- [What is being asked]: Given the records below, the lines starting at the line with "Places to visit: Sydney" and ending at the line with "Let's see who's" should be output exactly, both end lines kept and pictures left out.

- [Records shown]:
+ + + +
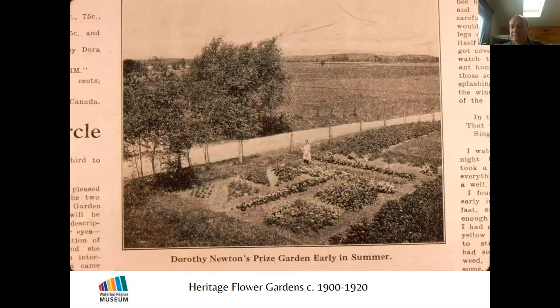Horticulture societies had a lot of influence — often organized by community leaders; the mayor might be a principal member. They were trying to better their town. Many communities lacked paved roads and sidewalks, and people didn't have a lot of disposable cash, so horticulture societies were founded to create an incentive for beautifying communities, raising property standards, planting flowers, and making things look nicer.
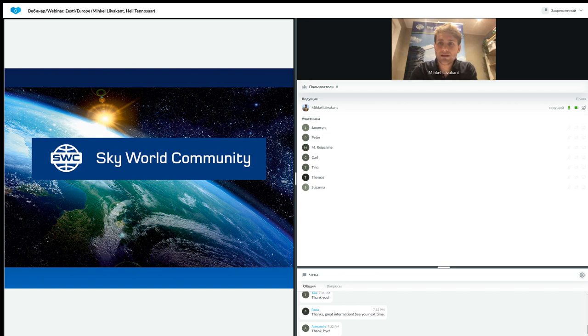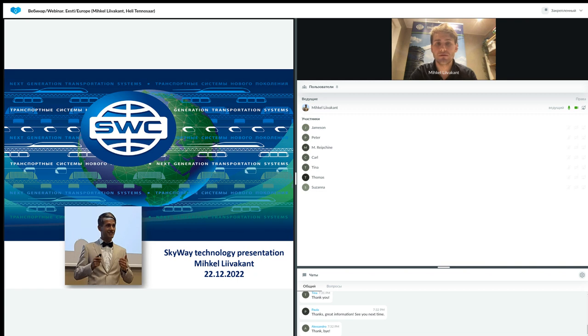Sorry about that, some technical issues, but let's continue. This year's last presentation is about a revolutionary new age technology, 21st century technology called Skyway. We will see each other again next year, but today, as I promised, we will take through all the seven steps.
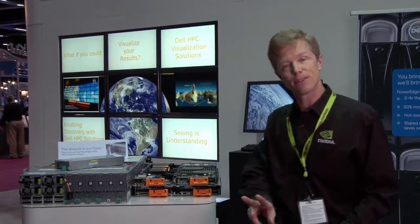Hi, I'm Jeff Belew. I'm a senior manager at NVIDIA in the GPU computing business. And I'm excited to tell you today that Dell has the Tesla M2090 in their product line in a couple of different form factors.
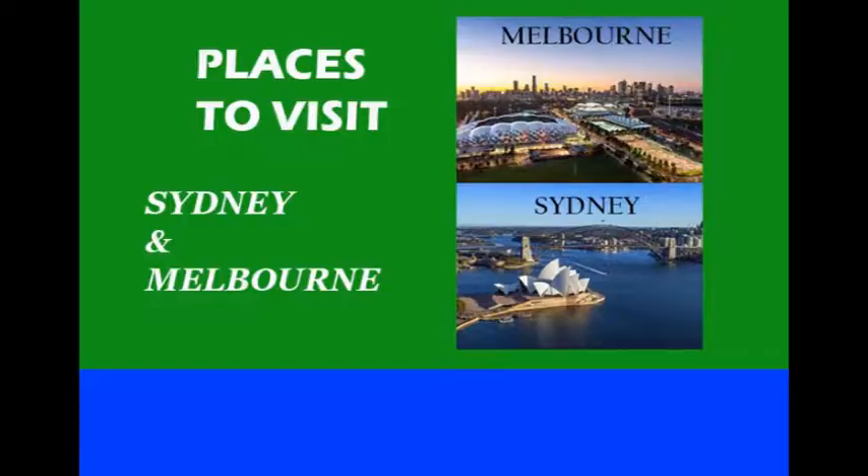Places to visit: Sydney and Melbourne. Australia is a very popular country to go on vacation, and two of the most popular cities to visit are Sydney and Melbourne.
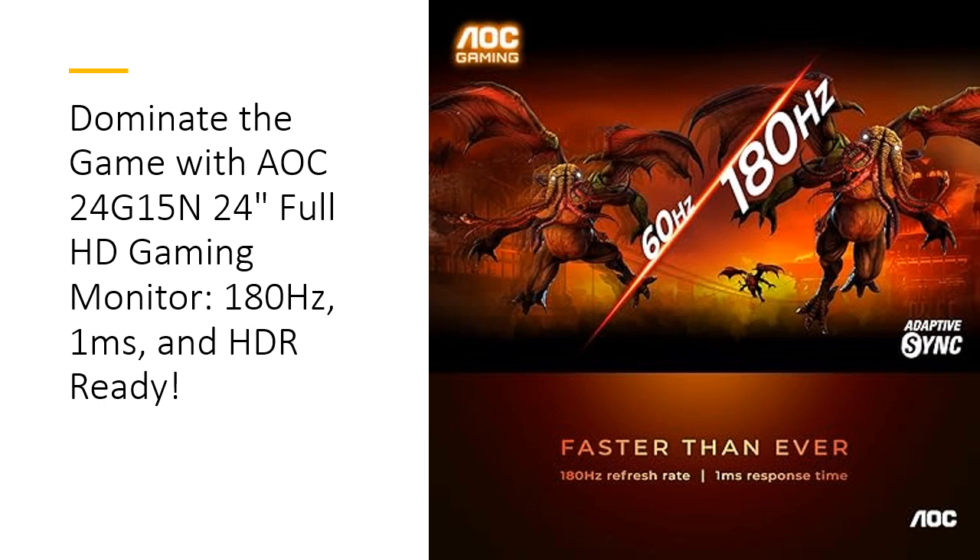This monitor is designed for serious gamers who demand both performance and stunning visuals, giving you a competitive edge in every battle.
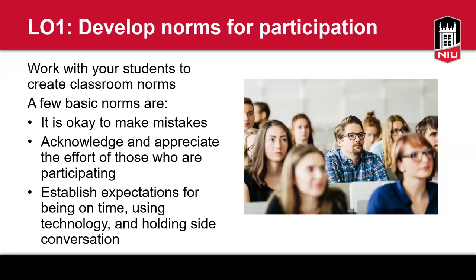I would encourage you to extend that same idea to homework. I give my students a limited number of attempts on their homework so they can correct their initial response and learn from their mistakes. The other thing I want you to consider is acknowledging and appreciating the effort of those who participate, because it takes bravery to raise your hand to ask for clarification or answer a question about a complex concept in the classroom.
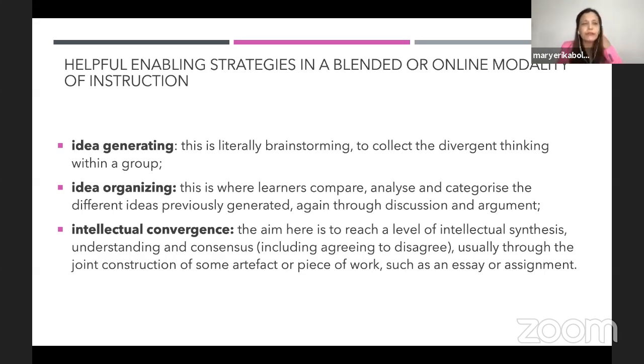A good strategy for a breakout room or OCL is to ask the guidance counselor or admissions office to review student scores. You could do groupings homogeneously or heterogeneously — combining IQ, EQ, SQ, or whatever factors your school clearly identifies. That's idea generating — that's the goal. Now, idea organizing is where learners compare, analyze, and categorize the different ideas previously generated through discussion and argument.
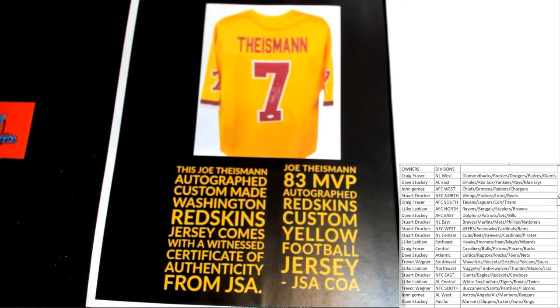Let's see who's got the NFC East over there — Stewart! All right, man, Stewart D, that's coming out to you. Very cool. Joe Theismann, right there — NFC East autographed jersey for Washington, with the old school colors.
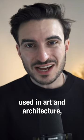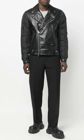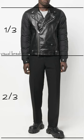The rule of thirds is commonly used in art and architecture, but it can also be used in fashion to create flattering outfits. You can achieve it by creating a visual break in your outfit so the top part of your outfit makes up one third of your overall fit, and the bottom part of your outfit makes up the other two thirds.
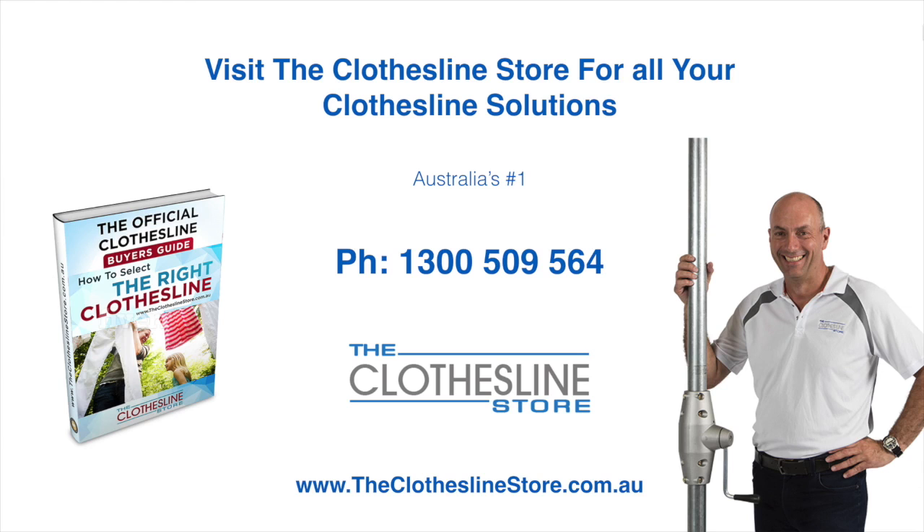So thank you for visiting The Clothesline Store. I hope we have a solution for you. If you need any further information, please contact one of our team on the number below or download our official Clothesline Buyer's Guide. My name's Jason, thanks for dropping by and bye for now.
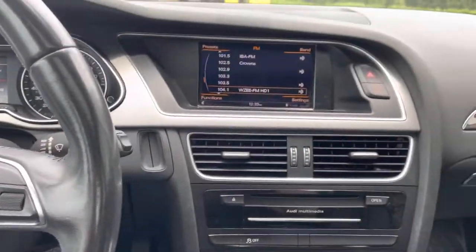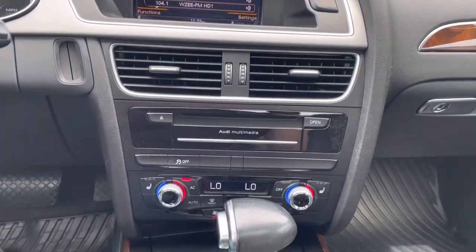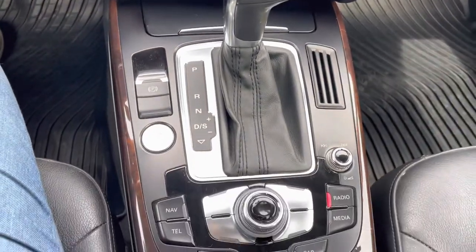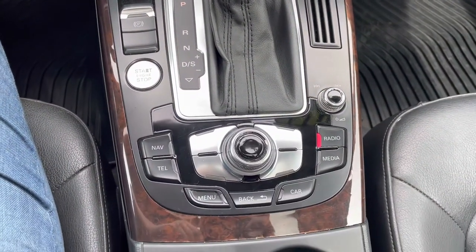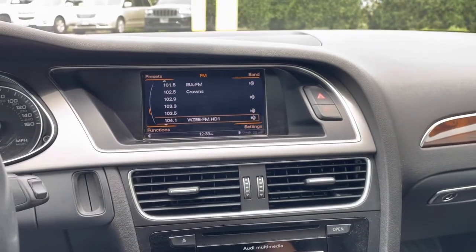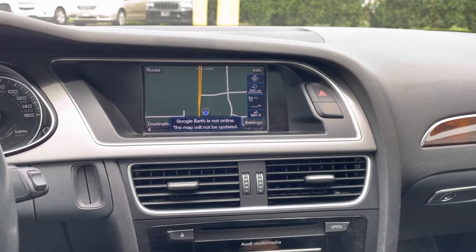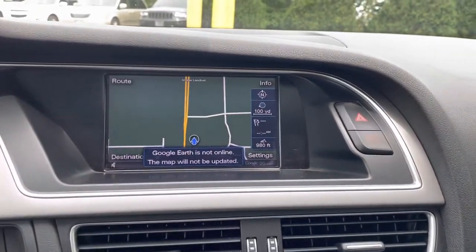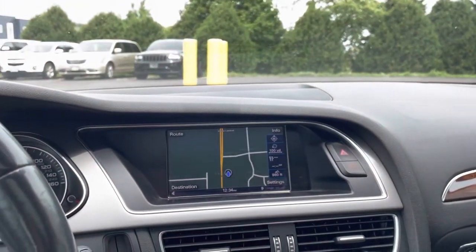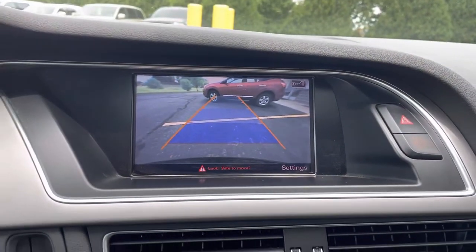This thing is fully loaded — you'll have your navigation, your Bluetooth, rear backup camera, and your heated seats. Everything on the screen works as it should. You'll also see the rear backup camera; it has no issues.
+ + + +
- [Answer to this exercise]:
Places to visit: Sydney and Melbourne. Australia is a very popular country to go on vacation, and two of the most popular cities to visit are Sydney and Melbourne.
This monitor is designed for serious gamers who demand both performance and stunning visuals, giving you a competitive edge in every battle.
I would encourage you to extend that same idea to homework. I give my students a limited number of attempts on their homework so they can correct their initial response and learn from their mistakes. The other thing I want you to consider is acknowledging and appreciating the effort of those who participate, because it takes bravery to raise your hand to ask for clarification or answer a question about a complex concept in the classroom.
A good strategy for a breakout room or OCL is to ask the guidance counselor or admissions office to review student scores. You could do groupings homogeneously or heterogeneously — combining IQ, EQ, SQ, or whatever factors your school clearly identifies. That's idea generating — that's the goal. Now, idea organizing is where learners compare, analyze, and categorize the different ideas previously generated through discussion and argument.
Let's see who's got the NFC East over there — Stewart! All right, man, Stewart D, that's coming out to you. Very cool. Joe Theismann, right there — NFC East autographed jersey for Washington, with the old school colors.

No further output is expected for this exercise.